So it’s a very high-end experience that our customers crave. And we feel that making these in-stock changes will then have payable effects on this rejoin rate that we should expect to benefit from.
Edward Yruma: Great. Thank you.
Operator: Thank you. Next question is coming from Ashley Helgans from Jefferies. Your line is now live.
Unidentified Analyst: Hi, good morning. It’s Blake on for Ashley. Several questions have been answered. I wanted to ask on – just a couple of clarifying questions. On the lower stubs expectation this year versus prior, it seems like the two big buckets there are the lower promos you discussed? And then lower inventory availability. Just wanted to make sure those are kind of the two big items. We’re not missing any others. And then could you rank or just discuss the magnitude of each of those impacts?
SidThacker: Yes, you have the two big items here. We’re not disclosing the exact magnitude of these impacts. I mean some of them are – we think both are really important. And we expect to make significant progress, obviously, on the inventory and stock rate into Q3 and Q4 and into 2024. We’re just – our guidance and subscriber expectations are just reflecting the possibility that those take a while to build, and we’re going to be prudent about that.
Unidentified Analyst: Got it. And then in terms of the impact to subs from lower promotions, I would guess that’s mainly impacting the acquisition of new customers. Wondering about that impact to the acquisition of new customers versus churn from existing?
Jennifer Hyman: I mean promotions don’t really have an impact at all on churn from existing because promotions are given to new customers to join.
SidThacker: I mean we do think that there is a benefit as we acquire more qualified customers, obviously, those customers are likely to stay with us longer, so we should see improvements in churn as we attract those customers. So yes, I think ongoing, there will be a benefit on retention to.
Unidentified Analyst: Okay. So maybe when a customer renews, you’re not seeing them, I guess, the impact from a renewal isn’t as big right now if they’re renewing at a lower promotion rate, would that impact like a renewal customer?
SidThacker: Are you talking about a rejoiner essentially. I mean we’re acquiring all of our customers, whether it’s a new customer, rejoining customer, essentially on a very similar set of promotions. So it’s affecting the entirety of the subscriber acquisition that we have.
Unidentified Analyst: Okay. That makes sense. Thanks so much.
Operator: Thank you. Next question today is coming from Dana Telsey from Telsey Advisory Group. Your line is now live.

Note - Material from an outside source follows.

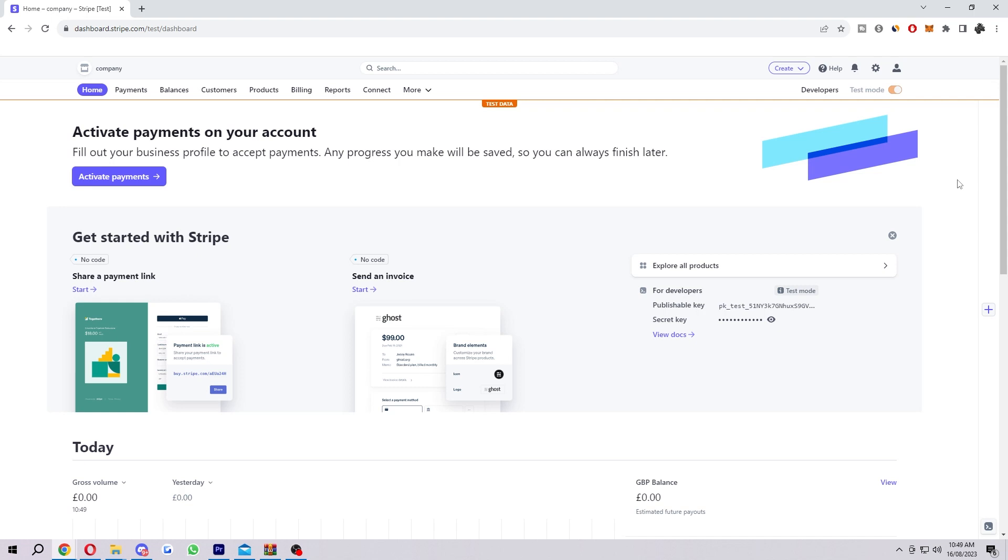Hello and welcome back to another video. Today I'm going to show you how you can create a payment link inside of Stripe.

Dana Telsey: Hi. Good morning, everyone. Given the in-stock position and the improvement that’s expected in the back half of the year, particularly in the fourth quarter, what are you seeing from your existing customers, the cohort of your best customers? And how are they impacted by this? And have you seen any update on churn? And lastly, as you think about the categories, what categories are performing? And is the in-stock shortage across all categories? Thank you.
Jennifer Hyman: Yes. So we continue to see strong loyalty rates amongst our more tenured subscribers. We – across the Board, don’t think the depths were high enough in any category. And we’re being really, I think, smart about how we increase our depth strategy where it’s not a one-size-fits-all strategy. We do think across the Board, we should have less breadth and more depth, but we’re also taking into account the most important brands that provide the most value to our customers, the most important categories that provide the most value to our customers and we’re going even deeper there. So in terms of something that we are excited about in terms of the category, we’re seeing an increase in return to work. Workwear was – is now currently as strong as it was in 2019, which is a great thing for our business because it’s obviously something that people do five days a week.
Dana Telsey: And then just following up with the in-stock position, why – was it more a macro situation with the brand? Was it more your planning? What led to the shortage of the in-stock position?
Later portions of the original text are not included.